Resposta rápida
A depressão pós-parto materna afeta cerca de 26,3% das mães no Brasil em termos de sintomas, segundo estudo da Fiocruz no âmbito do Nascer no Brasil, mais de uma em cada quatro. A OMS estima cerca de uma em cada dez mulheres com transtorno mental perinatal em países desenvolvidos. A depressão pós-parto paterna, embora menos prevalente, é clinicamente relevante: meta-análises globais estimam de 8 a 13%, e um estudo prospectivo de 2025 encontrou incidência em torno de 5,26% no primeiro mês pós-parto medida por EPDS. As duas se conectam por um modelo bidirecional, em que a depressão de um dos pais agrava a do outro, e ambas se associam a desfechos no desenvolvimento da criança. A paterna se manifesta com frequência de forma externalizante (irritabilidade, retraimento, uso de álcool, trabalho excessivo) e raramente é rastreada, o que a torna o ponto cego do cuidado perinatal.
Dois quadros no mesmo puerpério
A depressão pós-parto materna é a face conhecida do sofrimento perinatal. O estudo da Fiocruz no âmbito do Nascer no Brasil, com grande amostra de mães entre 6 e 18 meses pós-parto, estimou sintomas depressivos em torno de 26,3%, magnitude que coloca o tema entre os principais problemas de saúde da mulher no puerpério. A OMS, em escala global, estima cerca de uma em cada dez mulheres com transtorno mental perinatal em países desenvolvidos, com taxas maiores em países de baixa e média renda. A série Nascer no Brasil II, publicada na Revista de Saúde Pública em 2025, mostrou que depressão, ansiedade e TEPT relacionado ao parto se inter-relacionam no pós-parto materno.
A depressão pós-parto paterna é a face esquecida. Meta-análises estimam prevalência global de depressão paterna perinatal entre 8 e 13%, e um estudo prospectivo de 2025 encontrou incidência em torno de 5,26% no primeiro mês pós-parto medida por EPDS. São números menores que os maternos, mas longe de desprezíveis: significam que uma parcela expressiva dos pais adoece no período, sem que o sistema de cuidado os enxergue. A diferença de magnitude entre mãe e pai não justifica a ausência quase total de rastreio paterno.

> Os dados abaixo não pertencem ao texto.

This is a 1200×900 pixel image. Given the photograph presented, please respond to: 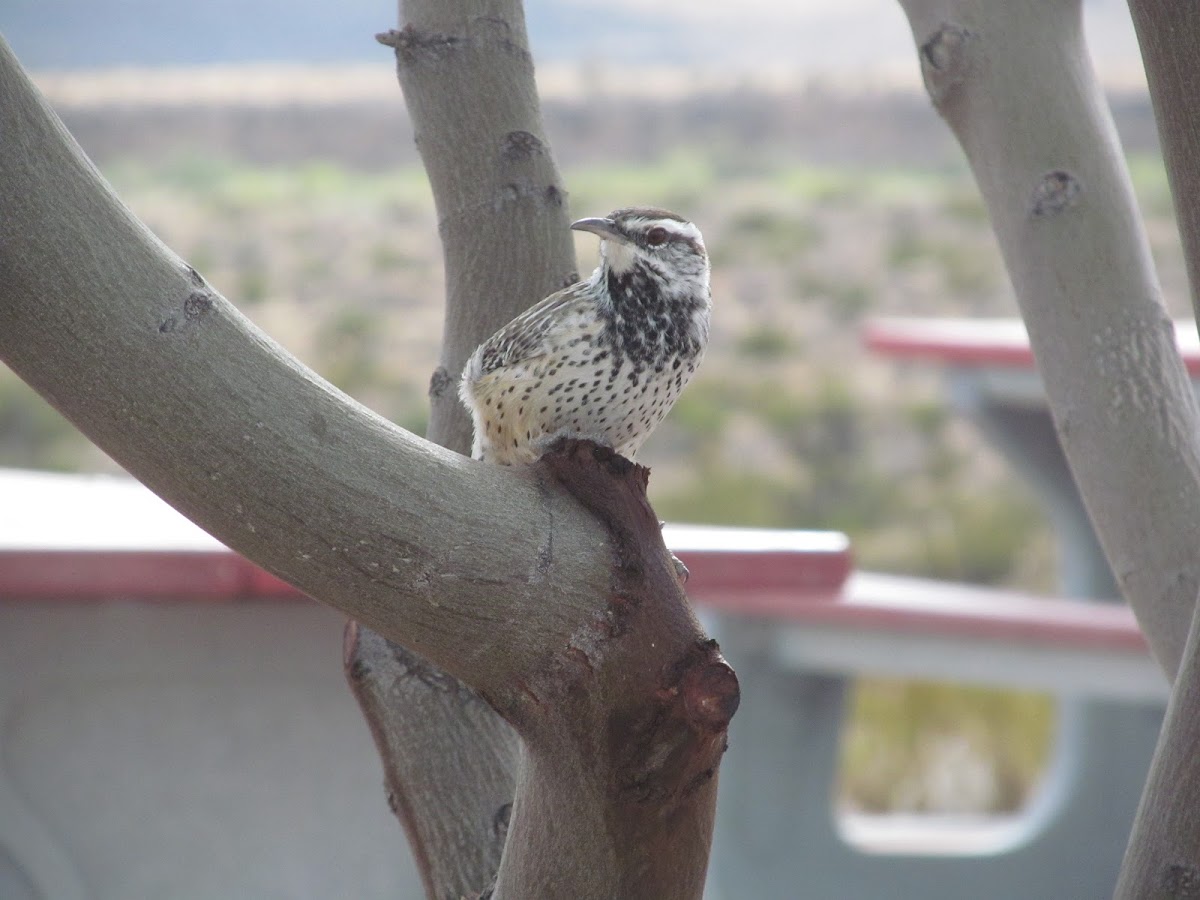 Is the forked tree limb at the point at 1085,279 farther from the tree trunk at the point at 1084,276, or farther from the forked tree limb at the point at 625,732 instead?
the forked tree limb at the point at 625,732

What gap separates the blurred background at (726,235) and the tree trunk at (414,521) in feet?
5.80

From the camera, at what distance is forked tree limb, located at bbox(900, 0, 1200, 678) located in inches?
63.7

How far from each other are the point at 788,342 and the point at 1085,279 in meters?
11.1

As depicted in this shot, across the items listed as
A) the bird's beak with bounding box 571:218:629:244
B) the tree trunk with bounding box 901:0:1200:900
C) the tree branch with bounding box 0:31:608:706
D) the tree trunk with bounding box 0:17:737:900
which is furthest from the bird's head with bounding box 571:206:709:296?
the tree branch with bounding box 0:31:608:706

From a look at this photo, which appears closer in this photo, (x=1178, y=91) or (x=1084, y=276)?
(x=1178, y=91)

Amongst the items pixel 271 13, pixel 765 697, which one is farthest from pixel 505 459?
→ pixel 271 13

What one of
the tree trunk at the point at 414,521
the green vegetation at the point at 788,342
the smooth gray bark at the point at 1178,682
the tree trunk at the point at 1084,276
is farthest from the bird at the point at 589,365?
the green vegetation at the point at 788,342

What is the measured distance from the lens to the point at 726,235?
1455 centimetres

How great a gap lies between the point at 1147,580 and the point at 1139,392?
0.21 m

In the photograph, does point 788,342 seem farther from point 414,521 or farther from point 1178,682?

A tese central deste comparativo é que tratar a depressão pós-parto como tema exclusivamente materno é um erro de sistema, não só de sensibilidade. A depressão paterna se associa à materna em um modelo bidirecional, ou seja, a doença de um dos pais aumenta o risco e a gravidade da do outro. E a depressão paterna correlaciona-se com problemas internalizantes e externalizantes nos filhos. Ignorar o pai não é apenas deixá-lo sem cuidado; é enfraquecer o cuidado da mãe e expor a criança a risco evitável.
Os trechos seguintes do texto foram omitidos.